Investors may have forgotten about IMAX (NASDAQ:IMAX); its shares trade for less than a movie ticket -- at a matinee -- but exhibitors sure haven't. Regal (NASDAQ:RGC) announced a joint venture with IMAX that will transform five more of its multiplex screens into giant IMAX experiences.

The Regal deal will mean as many as 21 of its screens will be part of a profit-sharing deal with IMAX by the summer of 2009. In other words, initial results have been encouraging enough at Regal for it to continue to expand its relationship with IMAX.

The news comes just two weeks after IMAX announced a 10-screen deal with China's largest movie exhibitor.

The difference between the two deals is that the Chinese pact will extend IMAX's reach in the world's most populous nation with more than 30% involved paid installations. With Regal, IMAX is going the joint venture route that will find both companies bankrolling the installation and sharing in the eventual profits.

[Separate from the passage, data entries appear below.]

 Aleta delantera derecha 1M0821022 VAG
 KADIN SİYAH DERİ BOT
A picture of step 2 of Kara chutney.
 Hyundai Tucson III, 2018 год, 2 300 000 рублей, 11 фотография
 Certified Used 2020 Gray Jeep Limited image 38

Which approach is better? I'm a fan of the joint venture path. It creates a greater stream of recurring revenue when IMAX continues to team up with studios like Time Warner (NYSE:TWX) and Sony (NYSE:SNE) to put out enhanced versions of their theatrical releases on IMAX. Joint ventures are also easier sells, since cash-strapped multiplex operators can offer the IMAX experience with less of an initial cash investment.

The problem? Well, IMAX isn't exactly loaded with greenbacks itself. IMAX had $18.5 million in cash in its pockets at the end of June, but that is dwarfed by the $160 million in debt that the company must repay -- or replace -- in three years.

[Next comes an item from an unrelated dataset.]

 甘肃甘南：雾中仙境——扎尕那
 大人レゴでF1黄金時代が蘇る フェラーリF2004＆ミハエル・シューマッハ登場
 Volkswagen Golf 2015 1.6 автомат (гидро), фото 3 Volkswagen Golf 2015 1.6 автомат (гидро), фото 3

The ugly balance sheet -- one that actually sports negative book value -- is one of the reasons the company tried to find a buyer last year. It didn't pan out, and that's a pity because IMAX could sorely use a parent with deep pockets to push the potentially lucrative joint venture deals.

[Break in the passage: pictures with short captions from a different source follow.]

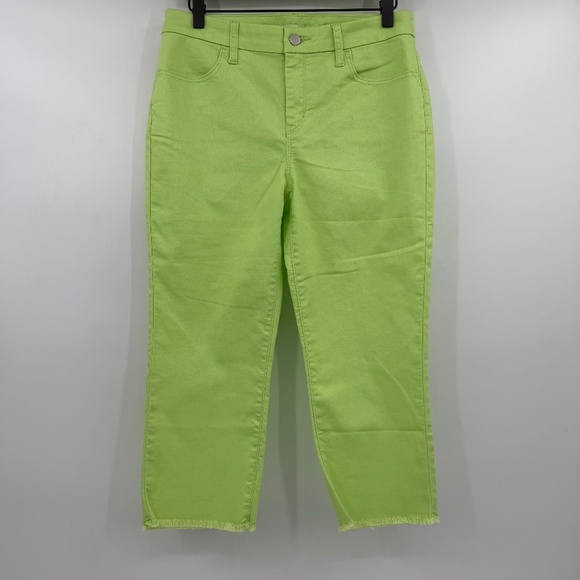 Chicos Jeans Women Small NEW Green Neon Slim Leg Capri Perfect Stretch Grlfrnd - Picture 1 of 13
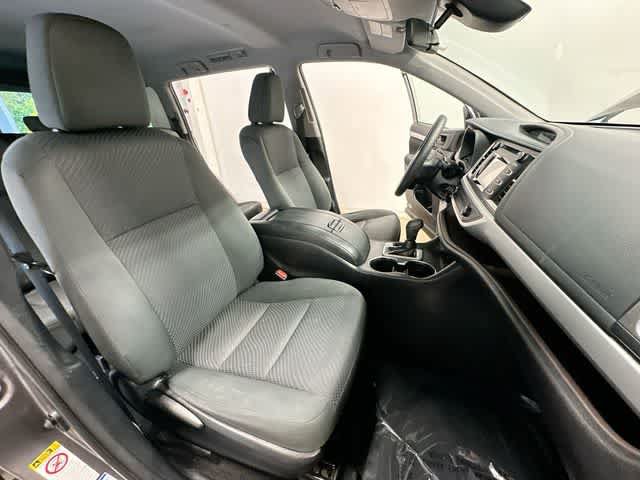 Used 2019 Toyota Highlander LE AWD/4WD image 19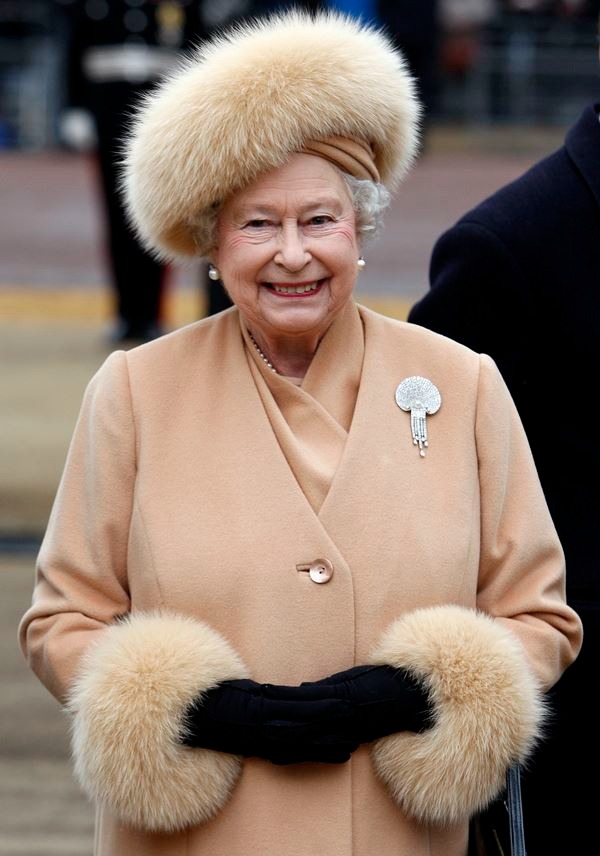 Na imagem com cor, rainha Elizabeth II era também reconhecida pelo seu estilo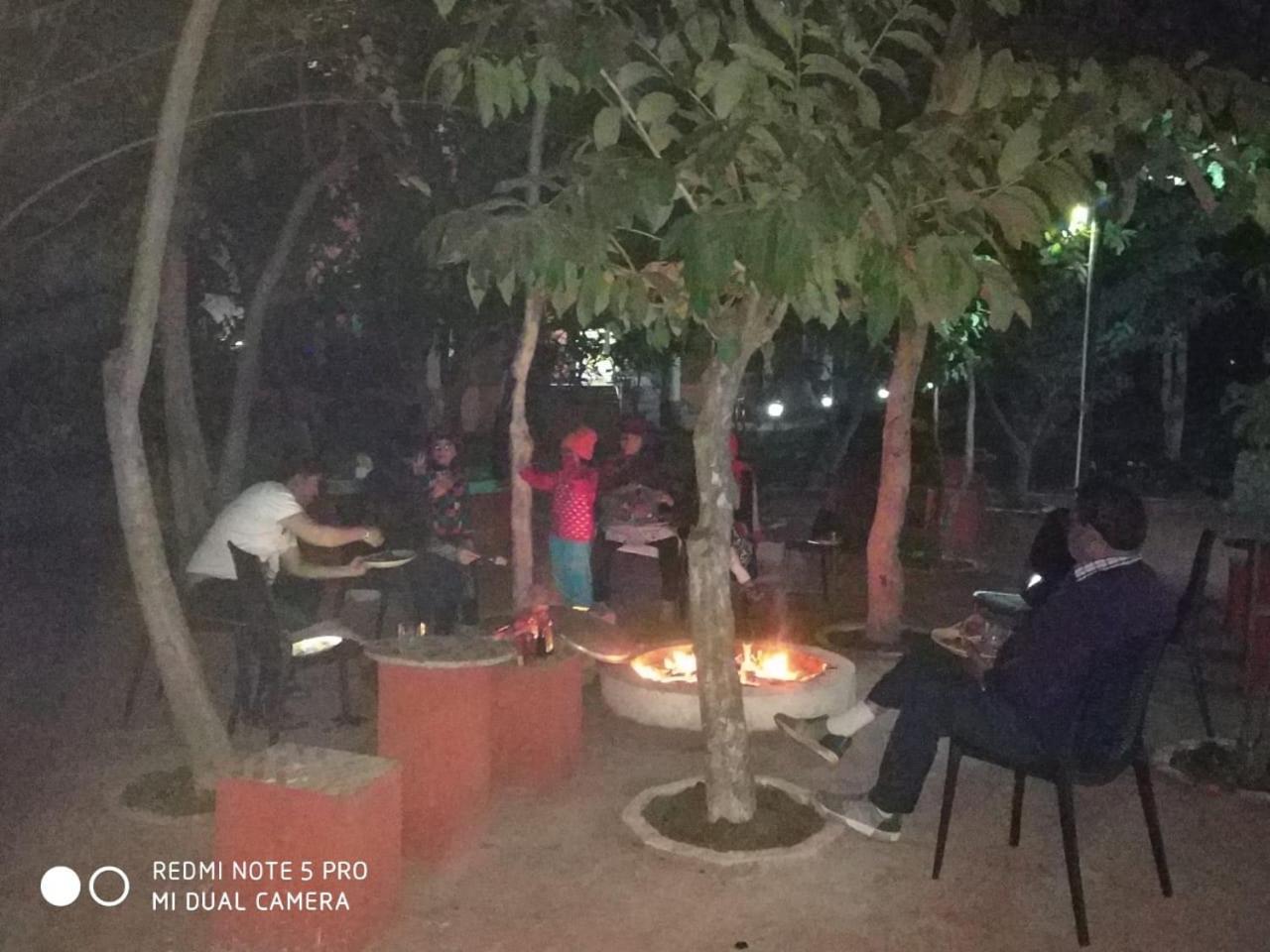 Whispering Woods Inn Bolpur Ngoại thất bức ảnh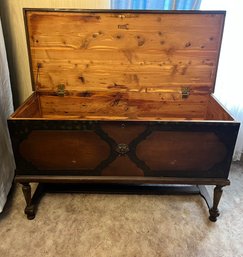 Vintage LANE Cedar Chest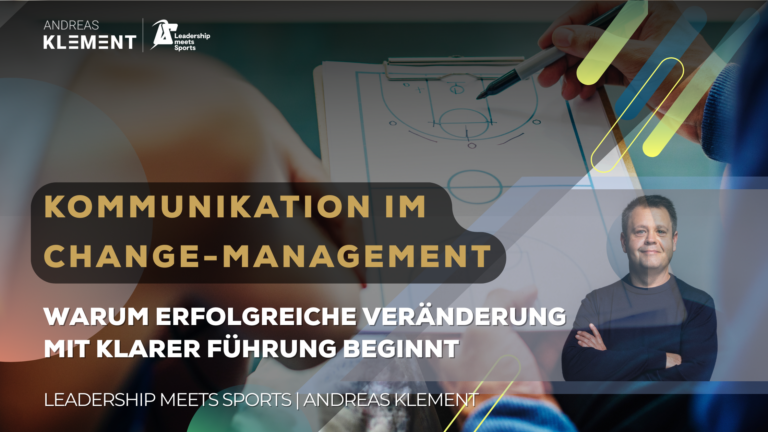 Führungskraft erklärt Team Veränderungsprozess im Unternehmen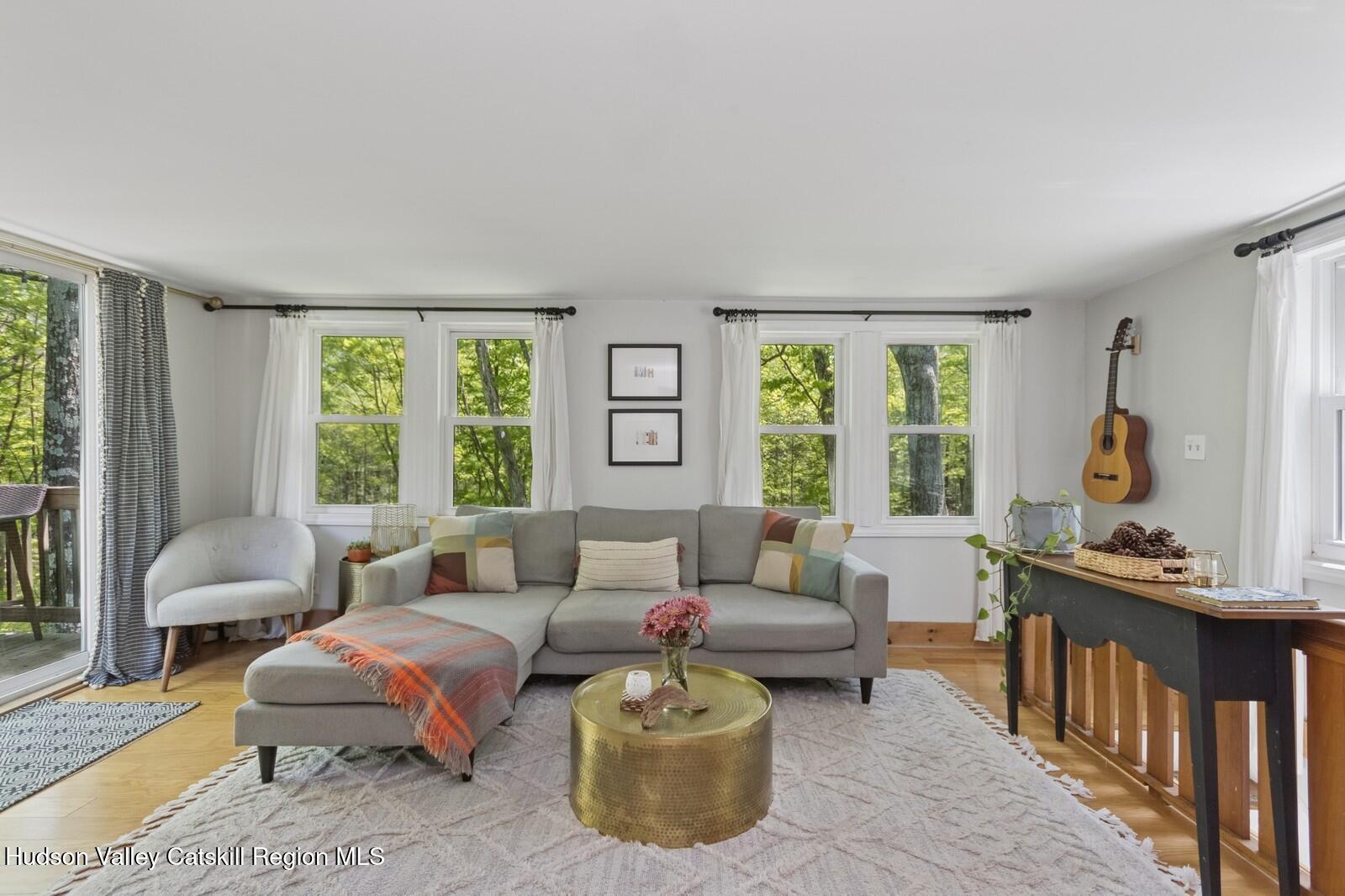 194 High Falls Road Saugerties, NY 12477 - Photo 2 of 37 Living room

The timing is right. Trying to cash in after 2006's robust summer cinematic season, Cinemark (NYSE:CNK) went public earlier this year, and AMC is ready to give an IPO another go. So exhibitors now have access to the equity market in order to enter into expanded joint ventures with IMAX. Can IMAX live up to its part of the bankrolled bargain? Now more than ever, IMAX should be listening to buyout offers to shore up its financial state and make the most of its industry-invigorating technology. Potential buyers should smell the opportunities that aren't available if IMAX remains independent.    

IMAX is in the right place at the right time. It's just holding the wrong wallet.